Next came Manuel Valencia, winner of best guitarist. In contrast to the flamboyance we usually associate with Flamenco, Valencia walked on in an unassuming manner, as if puzzled why he had been invited. And then he started to play. There was a gentle quality even in his most complex ornamentations and the slow, melancholy tunes with subtle changes of rhythm were a delight.

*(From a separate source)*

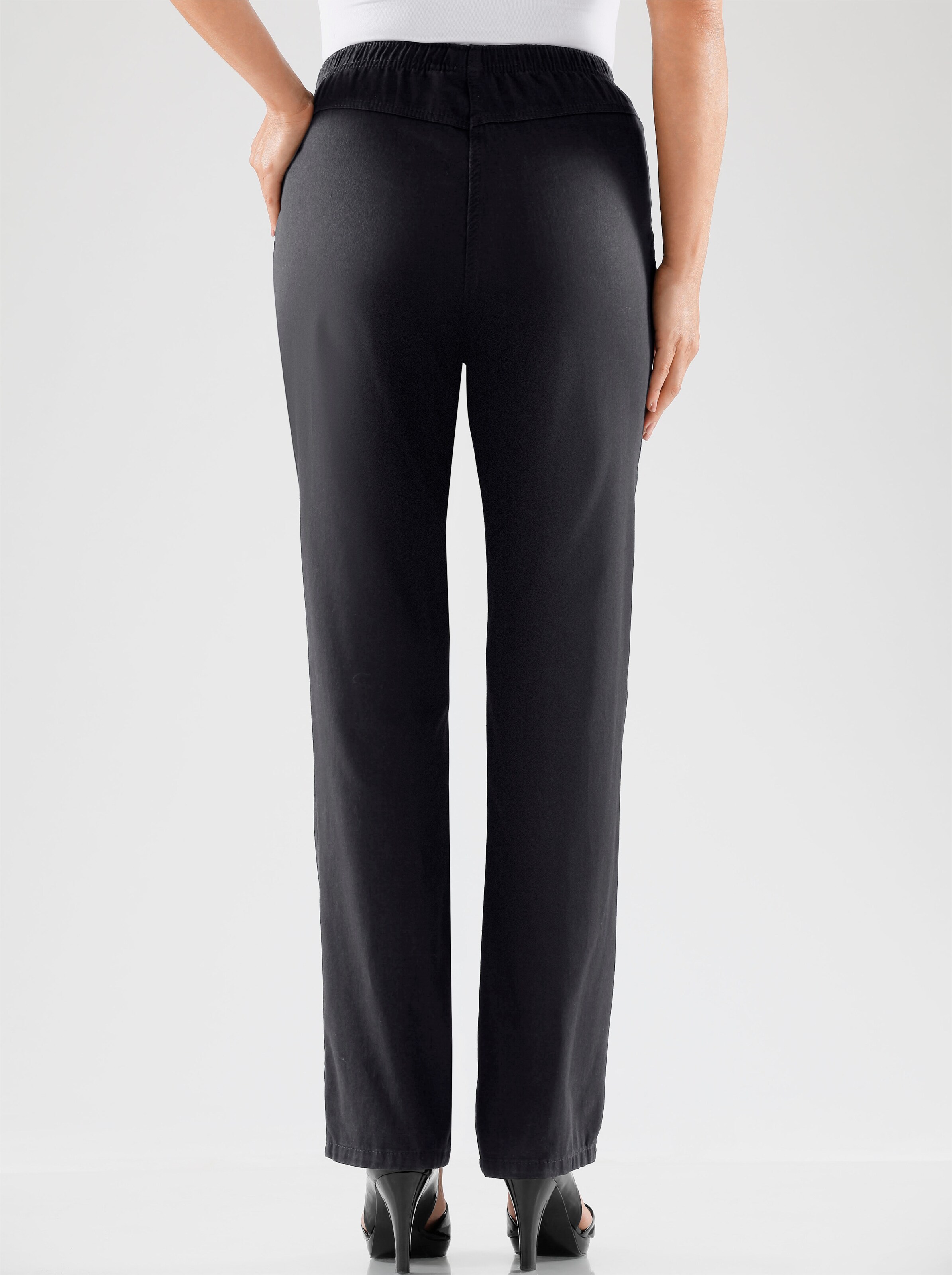 Schlupfjeans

The centre of the Gala featured two singers. Legendary “El Lebrijano”, honoured for his artistic career at Sevilla, was clearly held in the highest esteem by his colleagues on-stage as well as by many in the audience. A figure shuffling to take his place and squirming in his seat to get comfortable was transformed when he sang – his deep resonant voice commanding the theatre as he scaled passionate heights. Antonio Reyes took the best singer award and was in sharp contrast to his “El Lebrijano”, with a more nasal voice, but equalling his passion and revelling in elaborate ornamentations. I cannot claim any expertise with Flamenco singing, but it was fascinating to hear prime examples.
The formal part of the Gala closed with Farruquito who won the best dancer accolade. At first we see him sitting, beating a rhythm on a special table. But when he rises, he begins to prowl the stage like a tiger and his dancing has a ferocious character with the fastest of beats, rapid turns and staccato arm movements. His eyes gleam as if he is in a trance and the fireworks continue to explode throughout his performance.
Finally everyone was on-stage and after some hasty discussions, two of the guitarists sat down and played for a mix of impromptu singing and dancing including a drummer who stepped up to show his footwork skills. A perfect ending to a fine evening displaying the full range of Flamenco art.